WHAT NEEDS TO BE DONE
Please copy out the entries exactly, skipping any pictures.

[Short web captions]
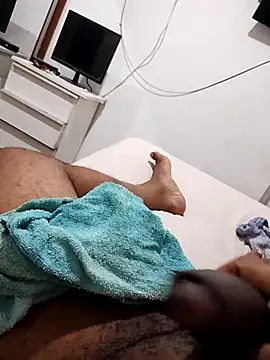 Snapshot of lucasquirao1234 chatting on 10.23.25 lucasquirao1234 online show from 10.23.25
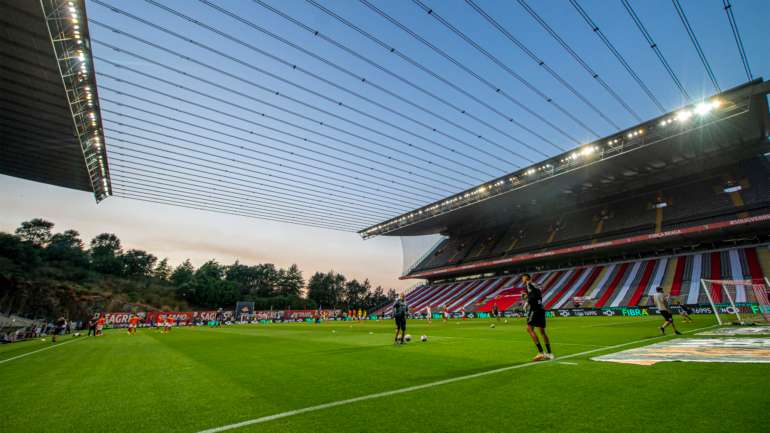Os liberais consideram que "a realidade da esmagadora maioria das organizações desportivas não é a mesma da dos clubes grandes do futebol"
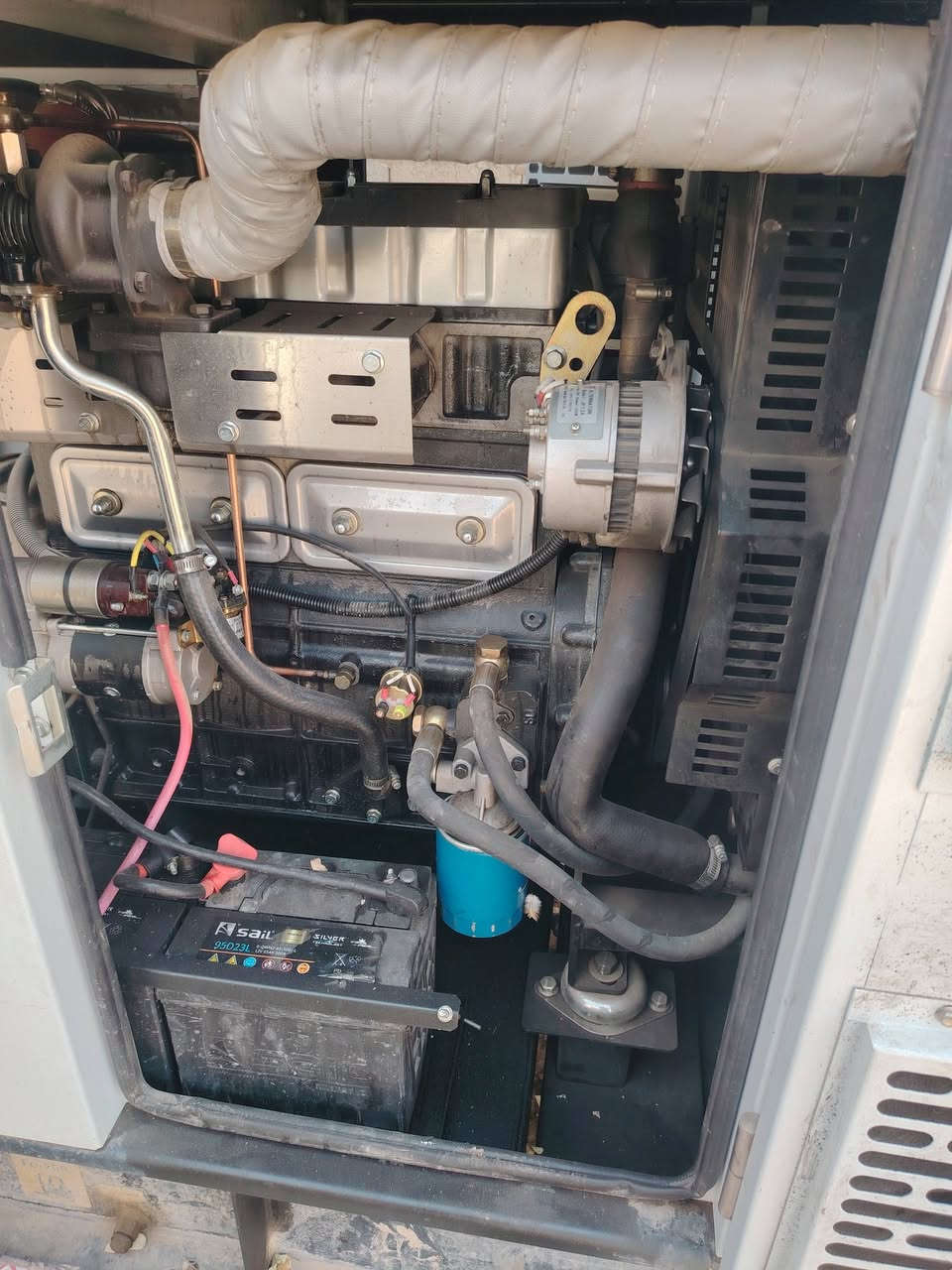 سلام عليكم ورحمة الله أخوان مولد نوع المنشأ صيني 50 Kva نضيف جدا صار ٤ أشهر أخذته للبيع كما موضح في الصور
*********** مكاني ديالى

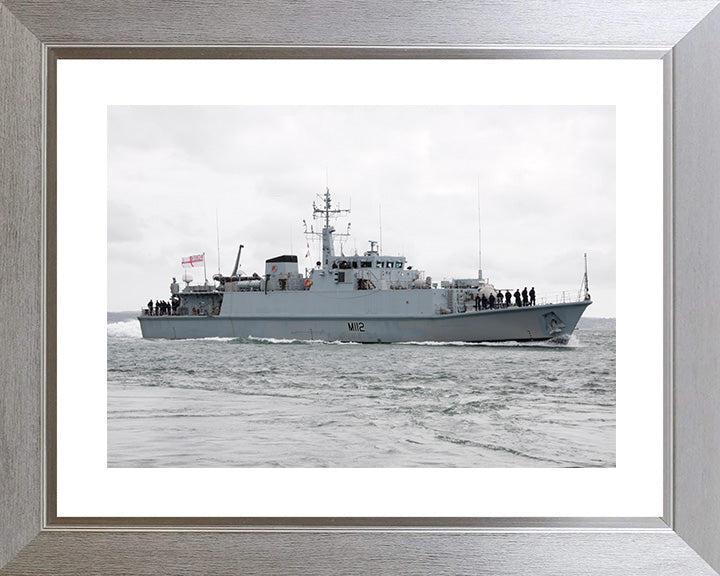 HMS Shoreham M112 Royal Navy Sandown class minehunter Photo Print or Framed Print - Hampshire Prints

RESPONSE AREA
 Snapshot of lucasquirao1234 chatting on 10.23.25 lucasquirao1234 online show from 10.23.25
Os liberais consideram que "a realidade da esmagadora maioria das organizações desportivas não é a mesma da dos clubes grandes do futebol"
 سلام عليكم ورحمة الله أخوان مولد نوع المنشأ صيني 50 Kva نضيف جدا صار ٤ أشهر أخذته للبيع كما موضح في الصور
*********** مكاني ديالى

 HMS Shoreham M112 Royal Navy Sandown class minehunter Photo Print or Framed Print - Hampshire Prints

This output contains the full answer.